ATLANTA -The market on Wednesday will have the chance to pick up some natural triple-A rated debt when the Gwinnett County Water and Sewerage Authority in Georgia issues $190 million of revenue bonds.
This is a rare opportunity for investors interested in this kind of debt as the Gwinnett authority is a relatively infrequent issuer. The last time it was in the market was 2006 when it issued about $121 million of refunding bonds, according to Thomson Reuters data.
The Series 2008 bonds will be sold competitively with Public Financial Management Inc. as the financial adviser and King & SpaldingLLP as bond counsel.
The bonds have maturities from 2013 through 2028.
Peter Kessenich, a managing director with PFM, said the deal is pretty straightforward.
"This is an all new-money deal," Kessenich said. "The bonds have the natural triple-A rating by virtue of the county providing its full faith and credit to back the bonds."
Maria Woods,the acting director of the authority, said the Series 2008 bonds would bear interest at a rate not exceeding 5.25% and they would have a maximum debt service that would not exceed $17.4 million a year.
Proceeds will be used to make improvements to two water reclamation facilities, which are called Yellow River and Crooked Creek.

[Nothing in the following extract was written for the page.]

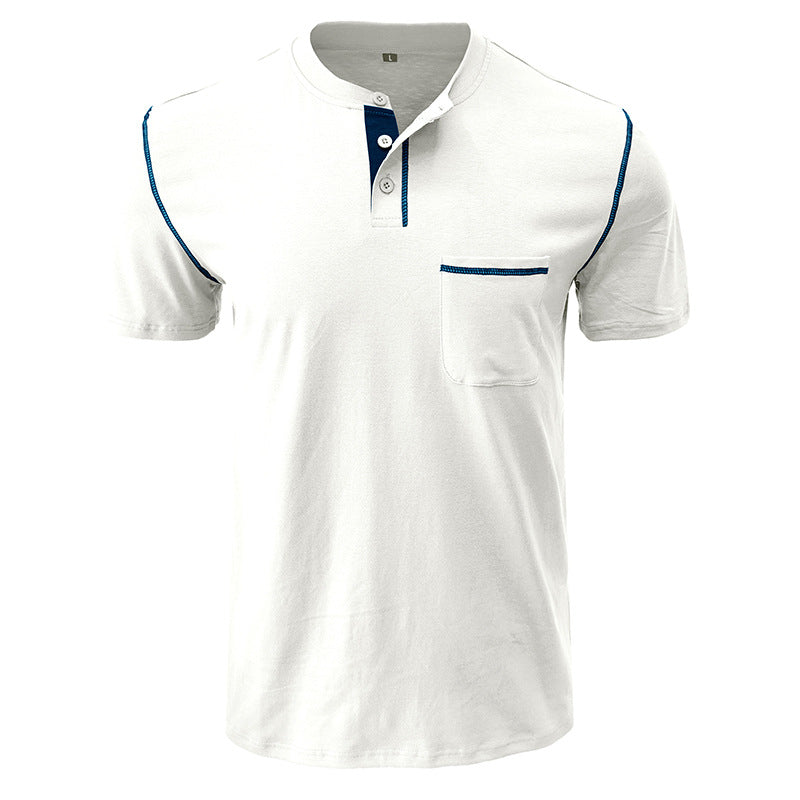 Herren Kurzarmshirt mit modischem Henley-Ausschnitt und praktischer Brusttasche Echoarchiv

Lynn Smarr, the director for water resources for the county, said proceeds will also be used to facilitate the county shifting most of its sewage treatment to a state-of-the-art facility. Gwinnett had been sending wastewater to a water reclamation facility owned by the city of Buford.
"The improvements being made are part of our master plan to consolidate facilities and improve the efficiency and environmental impact of our operations," Smarr said. "The county is shifting most of its sewage treatment to the state-of-the-art F. Wayne Hill Water Reclamation Facility near the Mall of Georgia. Most reclaimed water will be returned to the Chattahoochee River and Lake Lanier."

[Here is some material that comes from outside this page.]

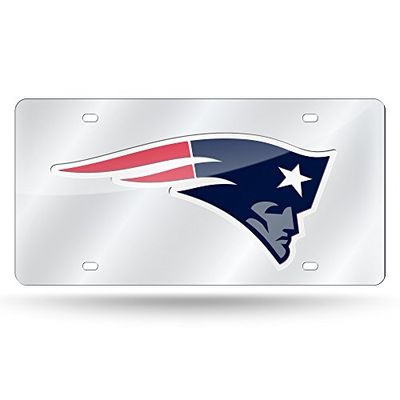 Rico Industries NFL New England Patriots Laser Inlaid Metal License Plate Tag, Silver, 6 x 12-inches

Proceeds will also be used to build a new pipeline for drinking water from the Shoal Creek filter plant and to build a reuse water pipeline to Lake Lanier, which supplies the system with water. Upgrades at four pump stations and the construction of new force mains to provide sewer service in some southern parts of the county will also be funded with the proceeds from this week's sale.
In rating the bonds, Fitch Ratings analyst Christopher Hessenthaler said in his report that Gwinnett's high credit fundamentals include strong financial management demonstrated by consistently large fund balances, prudent management policies, good economic growth and diversity, and substantial pay-as-you-go financing of capital projects leading to a low debt burden.
The county has a five-year capital plan in place, totaling $970 million that runs from 2008 through 2013. As part of the plan, officials anticipate issuing $150 million of bonds next year and $100 million of bonds in 2011, according to Chad Teague, the county's budget director.
Gwinnett County's population ranks second in the state behind Fulton County. Growth in the county's population has fueled expansion of the county's economy.
Gwinnett is located north of Atlanta. While its finances remain strong, analysts have pointed out that the area's prolonged drought is impacting the county's revenue growth for its water and sewerage system. Still, its debt service coverage remains adequate, and previously adopted rate increases have ensured strong operating margins and a good level of liquidity, according to Hessenthaler.